CondInstallSnapshot的调用时机是Follower接收到InstallSnapshot RPC请求后，将快照应用到状态机时，由状态机调用的。需要注意的是，为了保证Follower快照时的原子性，也就是说提交快照时不能再提交新的请求。我们需要在CondInstallSnapshot中先校验是否在快照提交给状态机期间有新的请求被提交。实现如下：

func (r *Raft) processCondInstallSnapshotRequest(req *CondInstallSnapshotArgs) *CondInstallSnapshotReply {
    // 说明从快照提交到状态机到状态机调用CondInstallSnapshot期间，有新的日志提交到状态机中
    if req.LastIncludedIndex <= r.commitIndex {
        return newCondInstallSnapshotReply(false)
    }

    r.compactLog(req.LastIncludedIndex)

    r.lastIncludedIndex = req.LastIncludedIndex
    r.lastIncludedTerm = req.LastIncludedTerm
    r.commitIndex = req.LastIncludedIndex
    r.lastApplied = req.LastIncludedIndex
    r.snapshot = req.Snapshot

    r.persistStateAndSnapshot()
    return newCondInstallSnapshotReply(true)
}

InstallSnapshot RPC

发送端Leader在AppendEntries需要先判断待发送的日志是否已经做过快照，如果是，说明Follower中还没有这些日志记录，而这些日志记录已经做了快照，需要发送InstallSnapshot RPC。

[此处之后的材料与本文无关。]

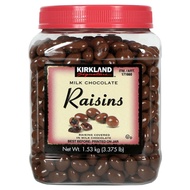 พร้อมส่ง! Kirkland Signature Raisins Milk Chocolate เคิร์กแลนด์ ซิกเนเจอร์ ช็อกโกแลตนม สอดไส้ลูกเกด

处理InstallSnapshot RPC的返回跟AppendEntries RPC类似，但更简单，除了同步term之外，需要更新nextIndex和matchIndex。

func (r *Raft) broadcastAppendEntries() {
    for peer := range r.peers {
        if peer == r.me {
            continue
        }
        if r.killed() {
            Debug("raft.broadcastAppendEntries: server[%v] state[%v] at term[%v] killed", r.me, r.State(), r.CurrentTerm())
            break
        }

        prevLogIndex := r.getPrevLogIndex(peer)
        if prevLogIndex >= r.lastIncludedIndex {
            entries, prevLogTerm := r.getLogEntriesAfter(prevLogIndex, MaxLogEntriesPerRequest)
            req := newAppendEntriesArgs(r.CurrentTerm(), r.leader, prevLogIndex, prevLogTerm, r.commitIndex, entries)
            r.asyncSendAppendEntries(r.me, peer, req)
        } else {
            req := newInstallSnapshotArgs(r.CurrentTerm(), r.leader, r.lastIncludedIndex, r.lastIncludedTerm, r.snapshot)
            r.asyncInstallSnapshot(r.me, peer, req)
        }
    }
}

func (r *Raft) asyncInstallSnapshot(server int, peer int, req *InstallSnapshotArgs) {
    go func(server int, peer int, req *InstallSnapshotArgs) {
        var reply InstallSnapshotReply
        if ok := r.sendInstallSnapshot(peer, req, &reply); !ok {
            return
        }
        target := &InstallSnapshotReplyEvent{
            Peer:  peer,
            Req:   req,
            Reply: &reply,
        }
        r.sendAsync(target)
    }(r.me, peer, req)
}

func (r *Raft) processInstallSnapshotReply(peer int, req *InstallSnapshotArgs, reply *InstallSnapshotReply) error {
    if reply.Term < r.CurrentTerm() {
        return nil
    }

    if reply.Term > r.CurrentTerm() {
        r.updateCurrentTerm(reply.Term, LEADER_NONE)
        return nil
    }

    r.nextIndex[peer] = req.LastIncludedIndex + 1
    r.matchIndex[peer] = req.LastIncludedIndex
    return nil
}

接收端（Follower）实现除了同步term之外（通过规则），需要做一个幂等操作，即：如果接收到lastIncludedIndex已经是旧的快照，不需要再应用到状态机。需要注意的是，Follower在处理InstallSnapshot RPC时，只是将快照提交到状态机，并没有进行日志压缩，因为我们不能保证应该状态机一定成功，所以需要状态机应用成功后再次调用CondInstallSnapshot，然后Raft在进行实际的快照操作。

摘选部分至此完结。